Assim, para além de se transformar numa gigantesca fábrica de empregoso
Brasilprecisa fomentar empregos e/ou autoempregos realizados em boas condições,
compatibilizando objetivos econômicos e sociais, não se limitando a políticas
sociais compensatórias (mesmo que ainda indispensáveis), mas promovendo o
acesso universal aos serviços sociais de base(3) e a proteção dos
trabalhadores.
Poderia falar de um conceito que sugere um alvo (conceito-meta) e que sinaliza
uma insuficiência (conceito indicial, que neste caso indica uma falta/
carecimento), desenhada em termos de uma qualidade desejada, a decência, frente
a sua falta, a indecência?
O que falta, de acordo com este discurso, é um marco social adequado para a
economia global; faltam mecanismos para considerar os impactos sociais das
políticas econômicas e financeiras; falta regulação sobre a economia global;
falta que a produção e outros elementos próprios da globalização sejam
coerentes com os direitos humanos, a igualdade, o emprego e a seguridade; falta
o diálogo social, nacional e internacional. Enfim, um déficit intolerável agora
indica que "a concretização dos direitos básicos dos trabalhadores deve ser o
piso social da economia global"(4).
Devemos ver os problemas e as aspirações através dos olhos das
pessoas. Suas prioridades são o emprego e renda decentes,
oportunidades para seus filhos, segurança no trabalho, na família e
na aposentadoria, respeito aos seus direitos e voz e participação nas
decisões que têm a ver com elas. [...] Todos devem ter a oportunidade
de acesso a um trabalho produtivo e digno. Essa é a pré-condição para
um desenvolvimento socialmente sustentável, o caminho em direção à
igualdade, uma fonte de esperança que é essencial para a paz(4:1 ).

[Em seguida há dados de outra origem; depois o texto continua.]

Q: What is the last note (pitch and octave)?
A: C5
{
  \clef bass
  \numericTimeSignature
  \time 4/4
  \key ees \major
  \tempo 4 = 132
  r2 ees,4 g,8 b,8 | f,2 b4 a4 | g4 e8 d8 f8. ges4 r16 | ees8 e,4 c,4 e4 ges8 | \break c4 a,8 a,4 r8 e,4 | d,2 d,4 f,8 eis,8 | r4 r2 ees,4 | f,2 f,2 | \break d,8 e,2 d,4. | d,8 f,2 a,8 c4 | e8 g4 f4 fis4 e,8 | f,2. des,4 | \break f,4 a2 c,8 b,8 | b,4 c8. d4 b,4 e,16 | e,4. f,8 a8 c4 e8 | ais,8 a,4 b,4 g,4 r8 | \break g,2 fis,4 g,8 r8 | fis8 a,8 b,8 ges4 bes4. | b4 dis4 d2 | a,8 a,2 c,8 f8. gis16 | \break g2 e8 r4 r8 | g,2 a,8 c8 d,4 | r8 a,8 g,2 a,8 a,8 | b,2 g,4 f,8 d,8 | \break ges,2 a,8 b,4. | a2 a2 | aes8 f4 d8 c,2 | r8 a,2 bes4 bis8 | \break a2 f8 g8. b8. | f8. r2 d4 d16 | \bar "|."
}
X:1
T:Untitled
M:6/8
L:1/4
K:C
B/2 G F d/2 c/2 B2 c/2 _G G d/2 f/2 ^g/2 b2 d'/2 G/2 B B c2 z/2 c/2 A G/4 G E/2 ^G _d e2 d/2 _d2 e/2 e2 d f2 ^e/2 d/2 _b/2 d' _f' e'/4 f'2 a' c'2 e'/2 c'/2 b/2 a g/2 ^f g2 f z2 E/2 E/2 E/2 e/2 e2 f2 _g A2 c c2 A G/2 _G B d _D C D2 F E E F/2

O trabalho decente é um ideal cuja prática se impõe como fundamentalmente
necessária para a realização do potencial humano do trabalhador. Com efeito, o
trabalho não é somente um meio de sobrevivência. Trata-se de uma necessidade
básica do homem e da mulher, que carregam dentro de si o sentido de construção.
Construção, pelo trabalho, de uma vida melhor, para si, para seus dependentes,
para sua comunidade, para seu país, enfim.[...] a promoção do trabalho decente
pressupõe o apoio à geração de empregos formais, o oferecimento de proteção
social, o respeito aos direitos básicos do trabalhador-cidadão e o incentivo ao
fornecimento do diálogo entre empregados e empregadores(5:1 ).
O conceito de worklover se refere apessoa que ama o trabalho; que apesar de
dedicar tempo demais ao trabalho possui uma relação altamente prazerosa com o
mesmo. O conceito surgiu em oposição ao tão conhecido "workaholic", que não
apenas "trabalha demais', mas encontra no trabalho uma maneira de fugir da
vida, de não enfrentá-la. A diferença está entre um "viciado" ou "obcecado"
pelo trabalho, que acaba afetando de modo negativo todos os outros aspectos da
sua vida, e um "amante" do trabalho, que não foge da vida por causa disso ou
tampouco separa o prazer do trabalho.(6)
O conceito surge para marcar uma diferença, um desvio por outra linha (conceito
digressante) e também para propor uma ruptura com uma forma habitual de ver o
trabalhador na relação com seu trabalho, Isto é muito bom e necessário. É um
conceito que já tem como foco uma dimensão subjetiva e que traz um novo
elemento ao centro da análise, um ponto de quebra.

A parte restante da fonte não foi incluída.